Biden peut-il être destitué? Théoriquement, oui. Soixante pour cent des jeunes membres du Parti démocrate ne veulent pas que Biden se présente à nouveau. La difficulté, cependant, réside dans la grande impopularité de Kamala Harris en tant que successeur possible. La dernière preuve du déclin de la position de Harris est un article très critique dans le New York Times, rempli de désapprobation anonyme de la part des principaux démocrates, dont beaucoup l’ont autrefois soutenue. Maintenant, ils sont inquiets.

Leur crainte, écrit Charles Lipson, est qu’il soit presque impossible de les laisser tomber :

Pour gagner, les démocrates ont besoin du soutien enthousiaste des Afro-Américains, qui risquent d’être offensés si Harris est démis de ses fonctions.

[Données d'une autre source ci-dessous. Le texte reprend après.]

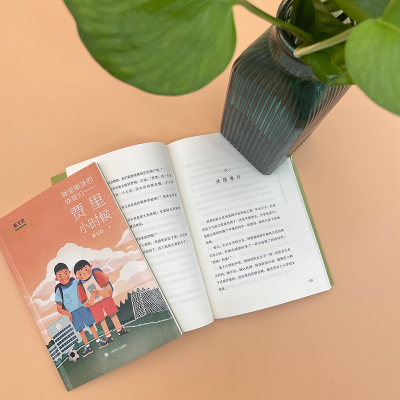 [M]糊里糊涂的铁哥们——贾里小时候-9787532791941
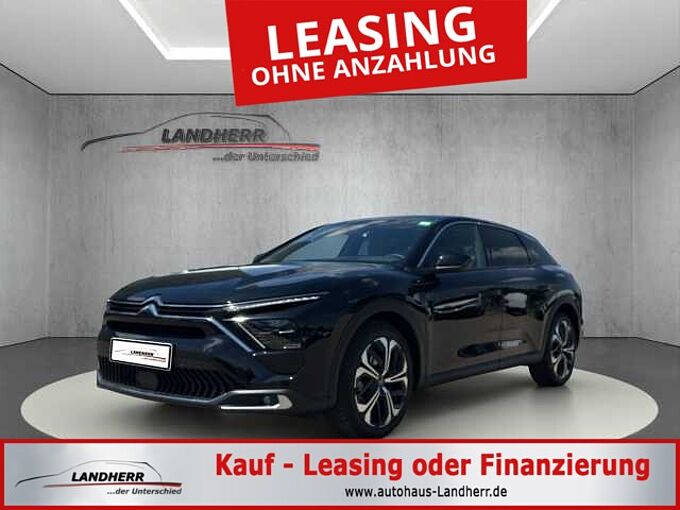 Citroen C5 X  145 Hybrid Plus //Winterpaket/LED /Kamera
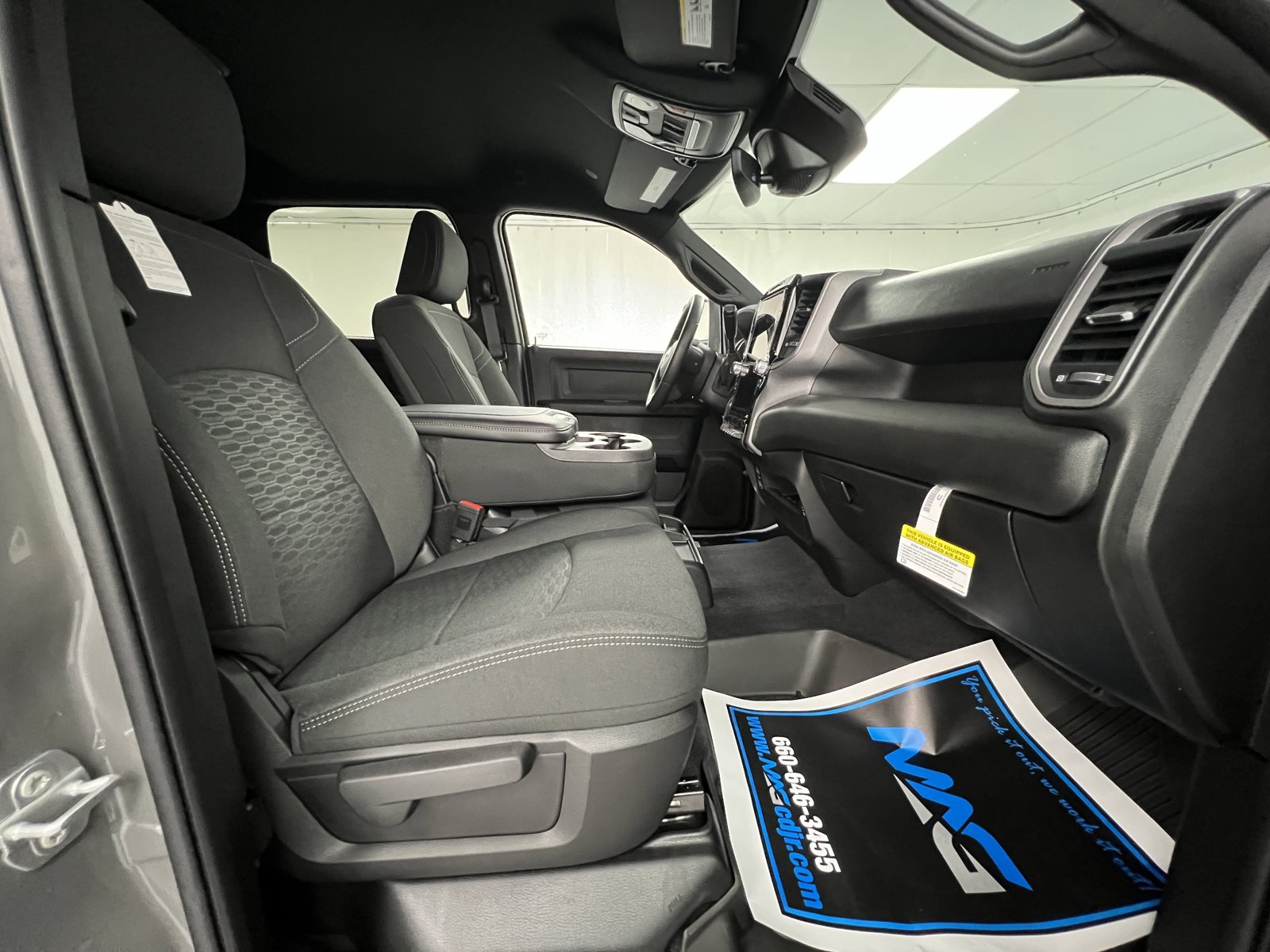 New 2027 RAM 2500 Tradesman AWD/4WD image 43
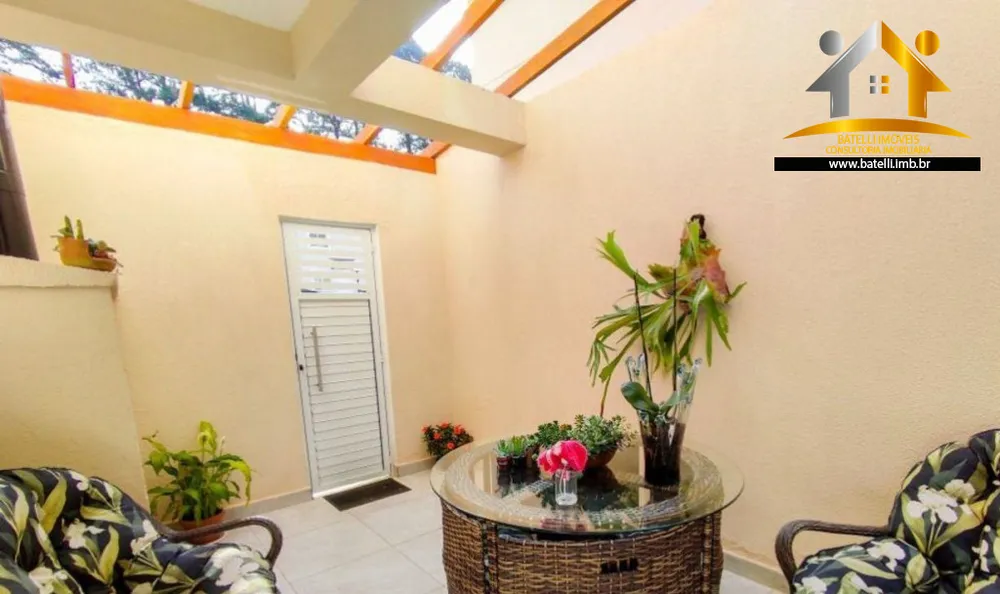 Casa de Condomínio, 4 quartos - Foto 4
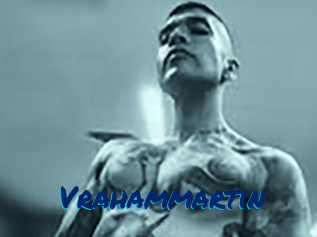 Vrahammartin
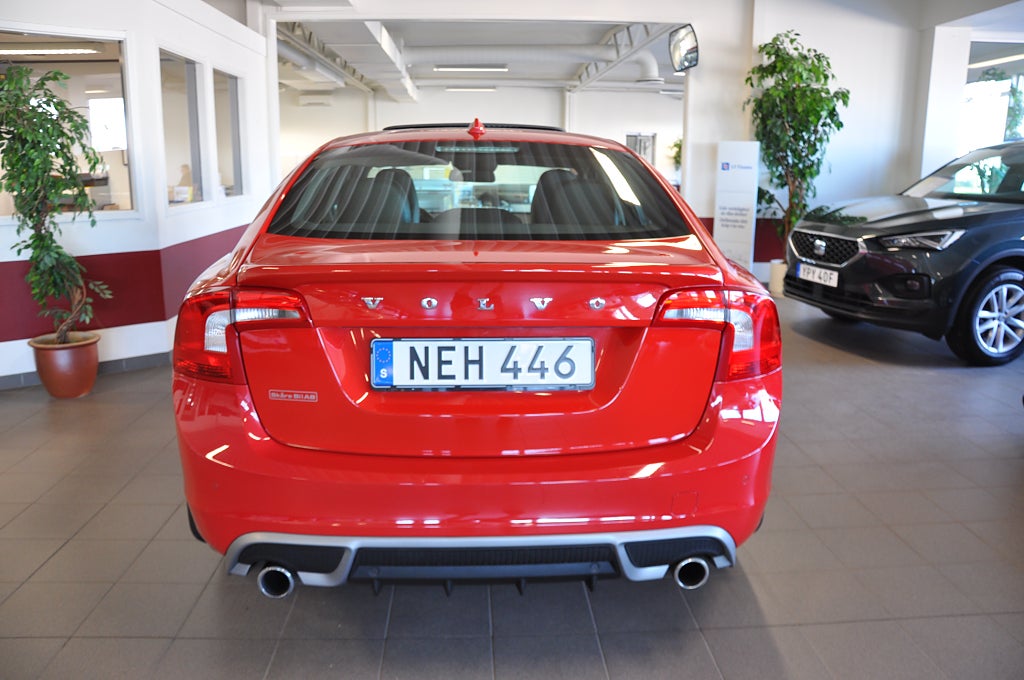Volvo S60 2013 - miniatyr 6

Ce problème pourrait être évité si elle était remplacée par un autre Afro-Américain. Mais il n’y a pas d’alternatives évidentes. Si Harris était remplacé, il serait probablement remplacé par un candidat blanc ou hispanique...

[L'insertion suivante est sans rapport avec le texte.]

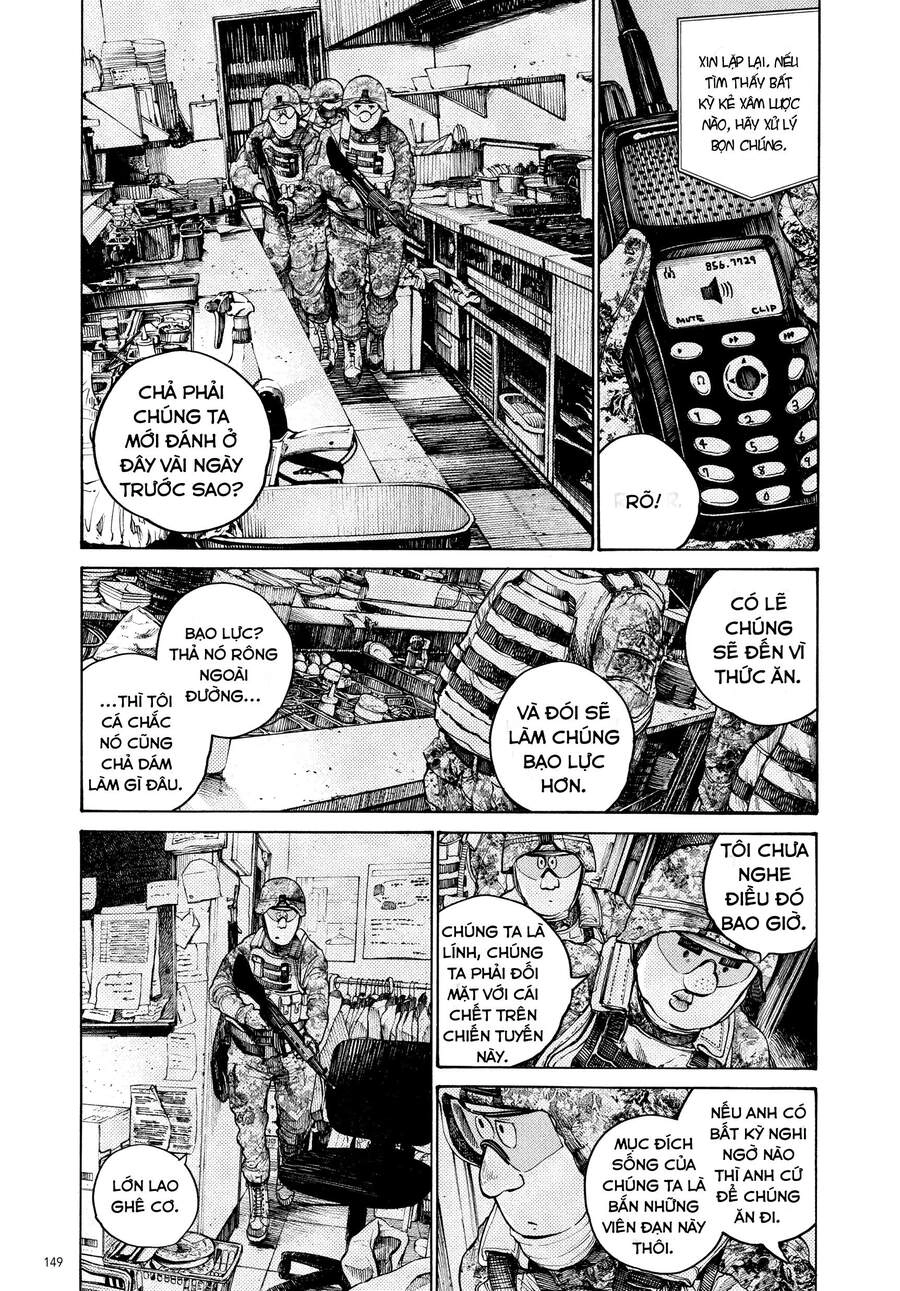 Sự Hủy Diệt Dededede Của Dead Dead Demon Chapter 24 - 7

Un tel changement ébranlerait un parti profondément enraciné dans la politique de l’identité raciale et ethnique, dans lequel les perdants sont considérés comme des victimes et les gagnants comme des oppresseurs « privilégiés ». Ces divisions sont plus virulentes lorsqu’elles tournent autour de la blessure historique de la race en Amérique, et elles se tourneraient vers l’intérieur vers le parti.

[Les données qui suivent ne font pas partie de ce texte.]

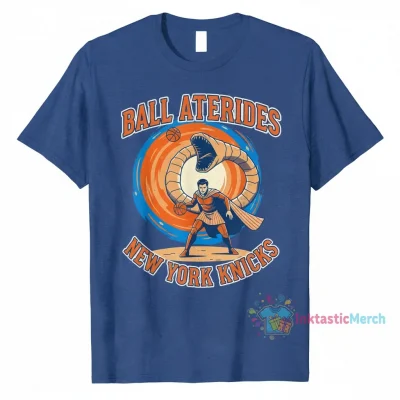 Dune Ball Atreides New York Knicks T-Shirt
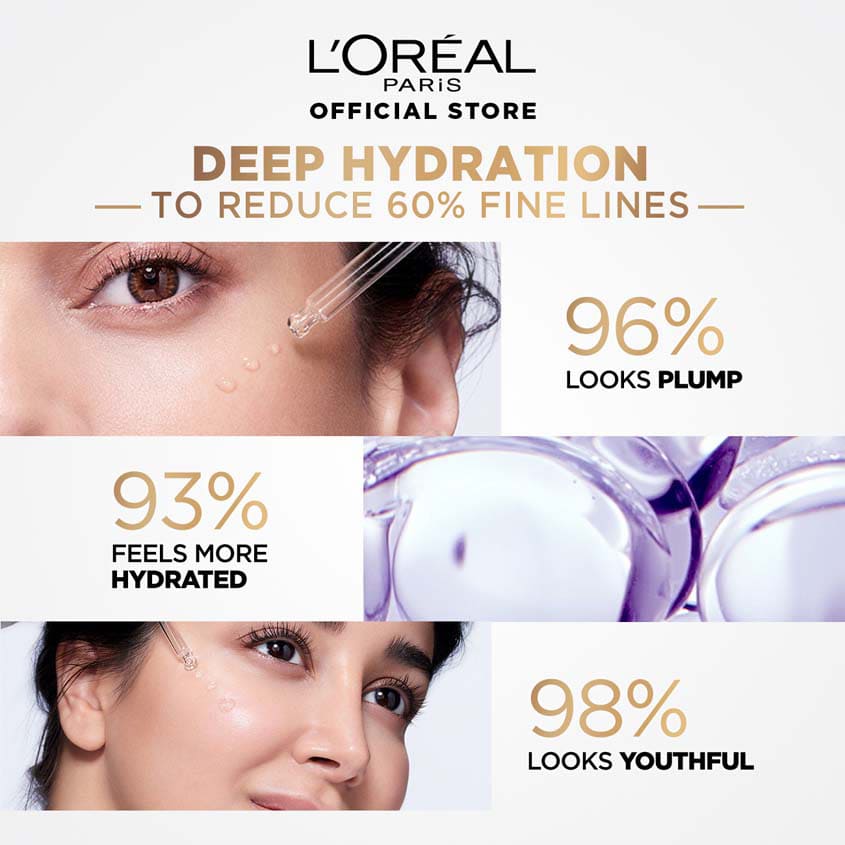 Hyaluron Expert Replumping Face Serum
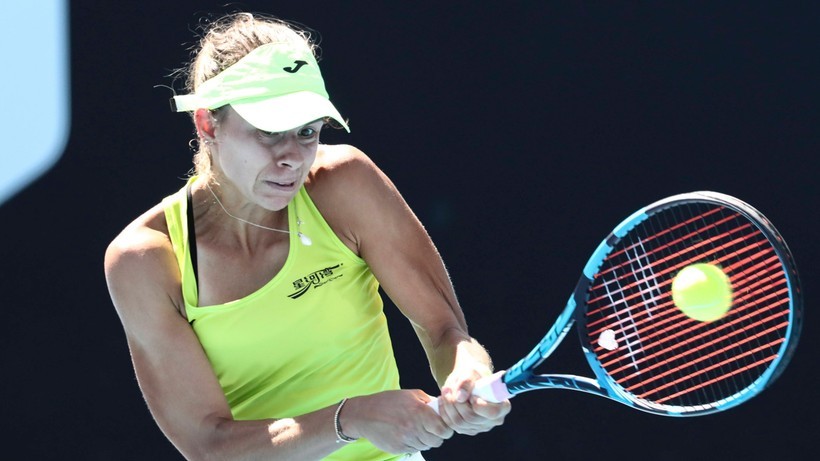 WTA w Eastbourne: Linette - Kovinic. Relacja na żywo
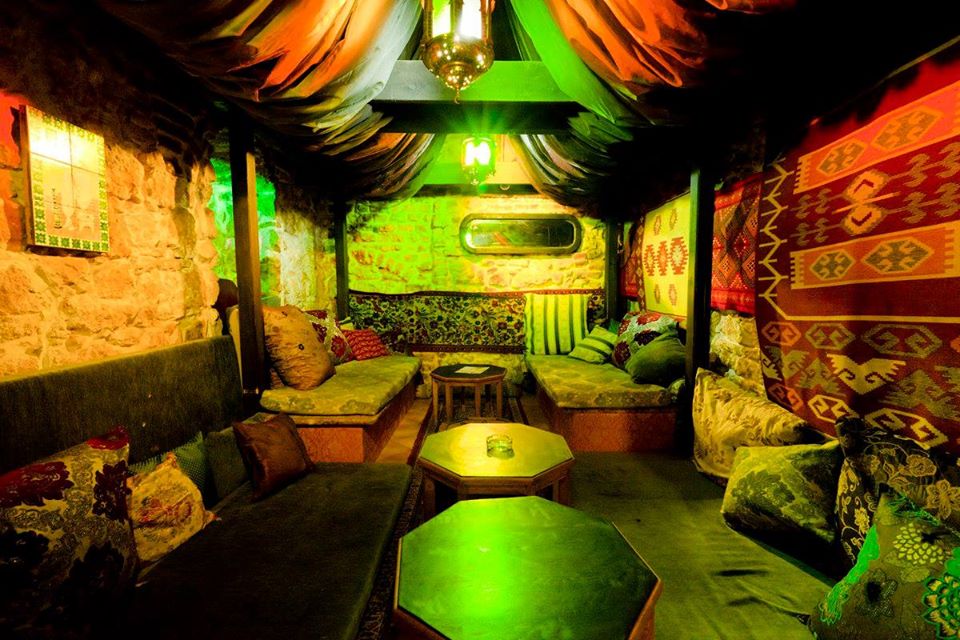 Shisha Club by Bollywood imprezy i przyjęcia okolicznościowe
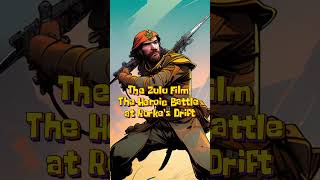 Zulu Films The Heroic Battle at Rorkes Drift  Synopsis amp Interesting Facts shortsfeed shorts [upl. by Arta]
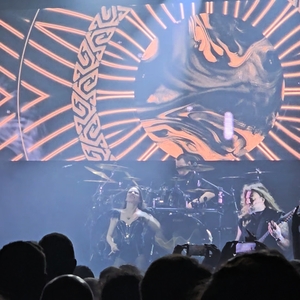 Beyond The Black at Paris, France in Bataclan 2026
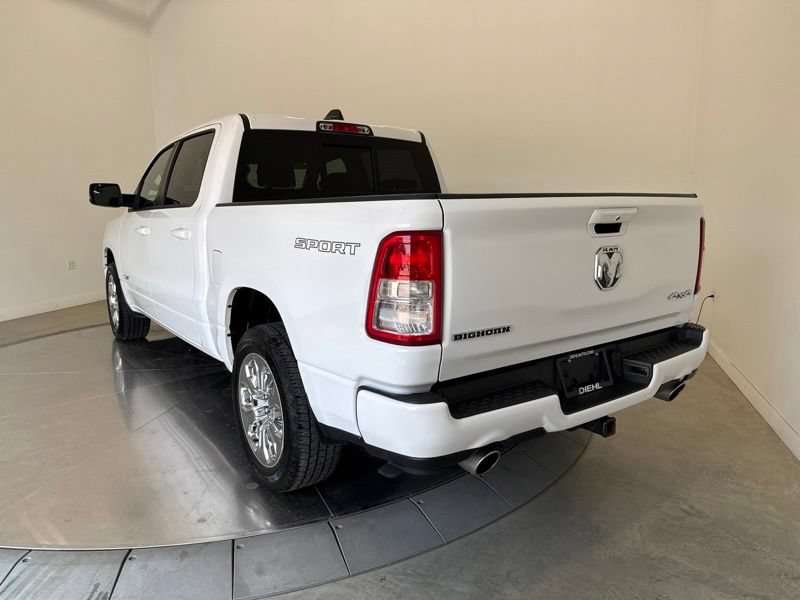 Used 2023 RAM 1500 Big Horn AWD/4WD image 5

Pourquoi ne devrions-nous pas nous attendre à ce que la hiérarchie du Parti démocrate ou le Congrès lance une enquête pour enquêter sur les allégations de Seymour Hersh d’évasion délibérée du Congrès ? Eh bien, tout simplement, c’est ceci: parce qu’il révèle « l’indicible ». Oui, Biden n’a pas « informé » le Congrès, bien que certains d’entre eux semblent avoir été au courant du sabotage de Nord Stream à l’avance. Techniquement, il a contourné le système.

La difficulté est que les deux côtés de la Chambre des représentants justifient largement cet exceptionnalisme – l’exceptionnalisme américain prévoit que les États-Unis peuvent faire ce qu’ils veulent, quand ils veulent, et qui ils veulent. Il y a tellement d’exemples que cela a prévalu dans la pratique: qui osera jeter la première pierre à « Old Joe »? Non, l’affaire contre Biden – si elle doit être poursuivie – doit être l’opinion collective selon laquelle Biden est incapable d’exercer un jugement sûr sur des questions qui pourraient faire basculer les États-Unis vers une guerre totale avec la Russie.

Si Biden est forcé de quitter ses fonctions, ce sera dans les « chambres enfumées » des initiés. Trop nombreux sont ceux qui ont discrètement profité du canular ukrainien.

Où va l’Europe après les accusations contre Nord Stream ? Il est difficile d’imaginer une Europe dominée par l’Allemagne s’écarter loin de Washington. La direction allemande actuelle est inféodée à Washington et a facilement accepté sa vassalité. La France restera – à part quelques contretemps – aux côtés de l’Allemagne. Cependant, alors que les États-Unis voient leur zone dollar se contracter avec l’expansion des BRICS et de la Communauté économique de l’Asie de l’Est, les États-Unis frapperont le plus durement leurs prochaines économies capturées. L’Europe risque de payer un prix dévastateur.

Les questions vraiment sensibles ne sont de toute façon pas discutées en public dans l’UE, mais uniquement dans les salles de réunion où tous les téléphones portables ont été retirés à l’avance. La transparence ou la responsabilité jouent peu de rôle dans ces discussions.